8 years 4 months ago
Lack of experience in the above quote refers to having no real life experience of living as a gay person as opposed to a heterosexual person. Throwing an exclusively hetersexual blanket on the totality of human sexual experience is reductionist. 
When one's truth ignores solid facts one is not operating from truth but from opinion. It may be a well reasoned opinion, but it's still an opinion.  Natural Law is a well reasoned opinion.  Elevating it to the level of Gospel truth is hubris. 
It maybe that there is nothing in the Gospels about sex-except for marital adultery-for a reason. That reason maybe that it's not about sexual acts per se, it's about relationship and commitment to a relationship.
8 years 4 months ago

What the Catholic Church, in its endless arrogance, fails to realize is that the LGBT community does not need it to minister to us.

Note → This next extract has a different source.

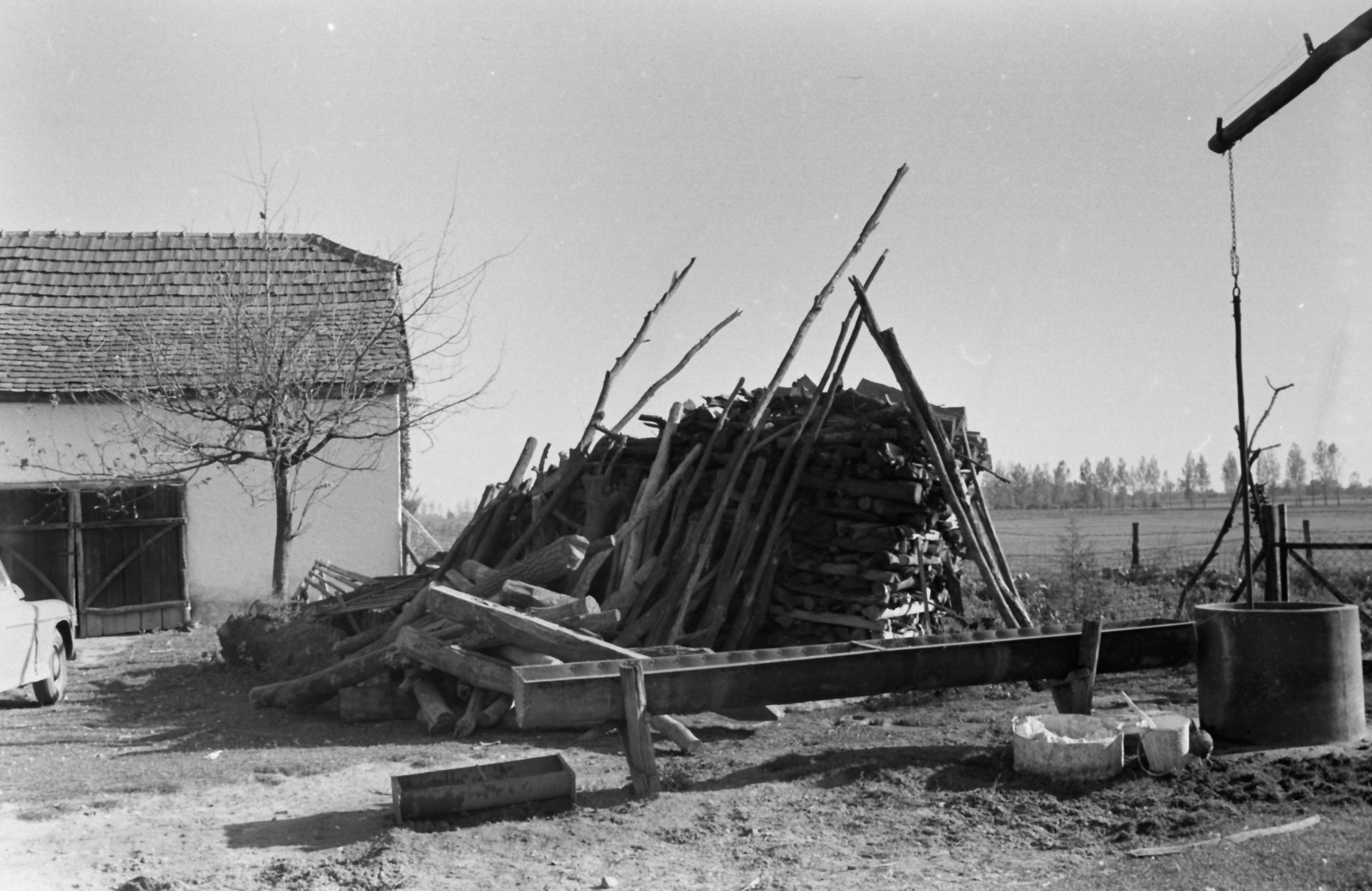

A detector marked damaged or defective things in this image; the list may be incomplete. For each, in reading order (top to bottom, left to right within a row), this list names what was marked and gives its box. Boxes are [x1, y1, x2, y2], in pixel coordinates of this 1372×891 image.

rusty metal container [1196, 604, 1366, 741]
rusty metal container [392, 752, 573, 818]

Rather, we minister to it with the full knowledge that good seed falls where it will.  Some of it will take root and prosper and some of the rest will fall on rocky ground and hearts and fail to thrive.

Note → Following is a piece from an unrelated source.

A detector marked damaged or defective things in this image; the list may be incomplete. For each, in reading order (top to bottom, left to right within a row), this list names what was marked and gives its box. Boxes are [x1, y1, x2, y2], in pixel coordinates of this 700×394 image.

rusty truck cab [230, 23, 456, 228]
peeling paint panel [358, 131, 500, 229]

Any organization that bleats that it is Holy MOTHER Church needs to take a look at what kind of ground it offers to the witness of its LGBT children.  So far, fallow is not the operative word.

8 years 4 months ago
''I'm sorry, but the obviousness of the intricacies of human sexuality
are not as certain as mathematical axioms, and this constant appeal to
them as such without any influence of experience is just
mind-bogglingly arrogant.'' - This comment accuses people, like me, who agree with natural law and purity as one of the primary Christian precepts, of being arrogant because we lack ''influence of experience.'' Wow.  So, my values are misguided, because my life experience is meaningless, and therefore I am the one who is being called arrogant?  What a mess.  I follow Christ.
8 years 4 months ago
No Melissa, what it means is that the refusal to look to the experience of relevant parties (ie, gay and lesbian Christians) in determining how those human beings may flourish and instead looking to those who know nothing of their lives is an arrogance. So it says nothing of your experience speaking for your life. It says something of your experience speaking for the lives of others who are different than you.
And it doesn't mean that purity is a bad thing. But purity is relative to contexts, e.g., sexual monogamy within a faithful marriage is considered the appropriate ''purity'' for married couples. It's different than the ''purity'' appropriate to a young person dating. So I agree with you that purity is appropriate for Christians. 
As far as natural law is concerned, it's not a fixed concept like some would have us believe. Aristotle, upon whose ideas of natural finality Thomas built his idea of natural law, said everything in nature had a purpose, and violations of nature were wrong. But he also accepted abortions for eugenic reasons and slavery for those not fit to be masters. Thomas believed it was right to execute infidels for the common good, and thought that slavery did not violate natural law. He also thought the Church could not follow Christ's exhortation to forgive 70 times 7 times. Oh, and masturbation and homosexuality were ''worse'' than rape and incest, because at least the latter followed right reason. And his ideas on sex were based on biological principles now known to be defunct (like the homuncular theory of fertilization). But Thomas's brilliance, however, was in realizing that the natural law could be changed by addition or subtraction when new knowledge or God's revelation made that evident.
My point is that experience-especially the experience of gay and lesbian Christians-may be telling us that the natural law is not as we once thought, just as has been the case with the many issues listed above (slavery, abortion, fertilization, etc.). But it takes an open heart, especially one turned toward Christ, as you say, to discern these things. It doesn't take intellectual absolutism.